#### DATA SECTION
——

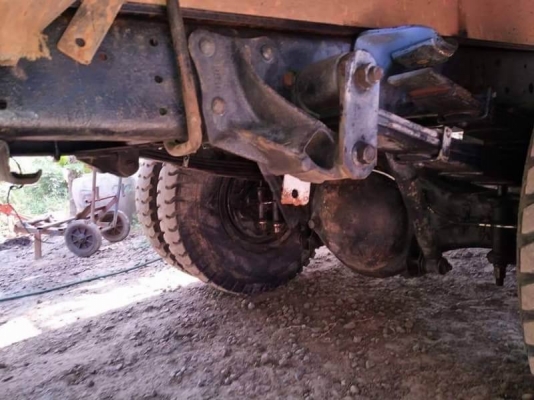 ISUZU NPR66L 355,000 บาท ยาว 4.3 เมตร เครื่อง 4HF1-120 แรง (ฟิตใหม่ เปลียนปอก -แหวน) F หน้า -Fหลัง หัวบาง ยางดี คัสชีสวย พวงมาลัยเพาเวอร์ เอกสารเล่มทะเบียน   รถอยู่ จ.บุรีรัมย์ โทร&amp;ไอดีไลน์  0610710295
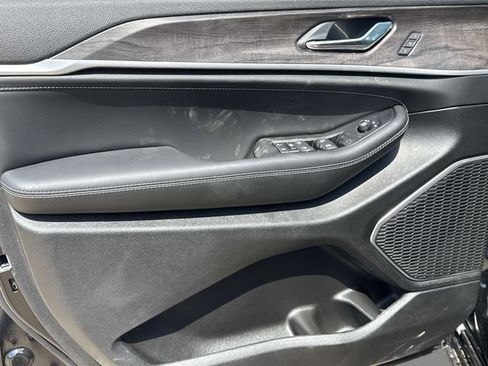 New 2026 Jeep Grand Cherokee L Limited AWD/4WD image 17
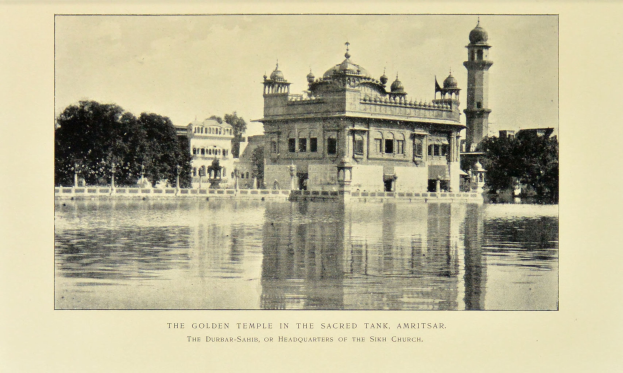 Der goldene Tempel in Amritsar spiegelt sich in einem heiligen Teich, umgeben von Wasser, Bäumen und einem klaren Himmel, mit Text am unteren Bildrand.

——

#### PROBLEM DETAILS
Leaving every picture aside, repeat the listing exactly.

#### PROBLEM SOLUTION
 ISUZU NPR66L 355,000 บาท ยาว 4.3 เมตร เครื่อง 4HF1-120 แรง (ฟิตใหม่ เปลียนปอก -แหวน) F หน้า -Fหลัง หัวบาง ยางดี คัสชีสวย พวงมาลัยเพาเวอร์ เอกสารเล่มทะเบียน   รถอยู่ จ.บุรีรัมย์ โทร&amp;ไอดีไลน์  0610710295
 New 2026 Jeep Grand Cherokee L Limited AWD/4WD image 17
 Der goldene Tempel in Amritsar spiegelt sich in einem heiligen Teich, umgeben von Wasser, Bäumen und einem klaren Himmel, mit Text am unteren Bildrand.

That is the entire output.